Stranger wrote: Mon May 01, 2023 1:35 am
Ashvin wrote:Of course I haven't read his actual books yet, but if they generally remain at the resolution of his articles and writings accessible on the website, then I would say he possibly developed imaginative cognition through his practice. It is very unlikely someone who developed higher cognition would be satisfied with that resolution. I know you won't like that comment, but it's how I see it at this point.

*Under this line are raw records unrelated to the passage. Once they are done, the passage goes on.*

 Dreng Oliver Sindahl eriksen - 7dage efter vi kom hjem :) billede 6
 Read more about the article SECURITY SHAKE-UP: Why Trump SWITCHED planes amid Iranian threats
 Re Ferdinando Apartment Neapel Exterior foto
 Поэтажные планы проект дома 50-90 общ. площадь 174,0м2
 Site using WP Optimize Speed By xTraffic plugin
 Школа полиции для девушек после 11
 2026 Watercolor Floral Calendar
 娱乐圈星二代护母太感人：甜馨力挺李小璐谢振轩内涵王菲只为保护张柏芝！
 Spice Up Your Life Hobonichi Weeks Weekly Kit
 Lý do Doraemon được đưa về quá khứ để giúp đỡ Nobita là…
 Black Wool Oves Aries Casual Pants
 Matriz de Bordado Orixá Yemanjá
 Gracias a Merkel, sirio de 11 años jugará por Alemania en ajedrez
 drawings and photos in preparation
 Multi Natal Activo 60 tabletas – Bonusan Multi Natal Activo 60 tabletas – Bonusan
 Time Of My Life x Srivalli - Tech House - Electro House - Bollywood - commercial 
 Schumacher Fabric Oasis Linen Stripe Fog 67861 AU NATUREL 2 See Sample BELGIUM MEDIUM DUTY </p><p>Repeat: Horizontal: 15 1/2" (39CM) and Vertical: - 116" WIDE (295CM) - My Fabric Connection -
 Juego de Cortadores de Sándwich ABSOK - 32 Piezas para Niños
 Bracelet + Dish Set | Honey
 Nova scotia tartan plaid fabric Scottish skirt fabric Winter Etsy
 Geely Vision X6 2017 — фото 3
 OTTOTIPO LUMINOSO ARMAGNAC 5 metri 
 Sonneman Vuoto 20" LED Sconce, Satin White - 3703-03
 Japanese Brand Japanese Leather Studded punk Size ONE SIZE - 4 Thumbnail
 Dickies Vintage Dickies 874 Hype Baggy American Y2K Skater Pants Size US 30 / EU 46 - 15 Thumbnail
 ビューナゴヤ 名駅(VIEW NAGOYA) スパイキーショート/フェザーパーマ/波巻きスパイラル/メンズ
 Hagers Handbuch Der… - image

On another note, I'd like to point that, when someone else's views are in disagreement with your own views, you often use this argument that the views of the other person are incorrect because they have not sufficiently developed higher cognition or do not speak from first-person experience (well, you did it multiple times with respect to me, so I know ...). However, it is illegitimate to use such argument as part of your argumentation, and there are multiple reasons for that. First, all of us humans, including Steiner or Martinus, have only developed our cognition to certain limits, and it is only the Godhead who has no limits to its cognition. Second, the level of cognitive development or whether or not some knowledge was acquired through a direct first-person experience is something that can only be known through first-person experience and cannot be judged or known by other persons. And third, even regardless of these two reasons, saying that someone is wrong just because they are intellectually or spiritually deficient it is just a bad argument. I know that you disrespect secular sciences and trades, but you can never find people using such argument in professional scientific or technological societies, it is considered there completely unprofessional. So, if you are going to claim that Martinus was wrong here or there because he did not sufficiently developed his higher cognition, then I would suggest that you would rather find some better arguments.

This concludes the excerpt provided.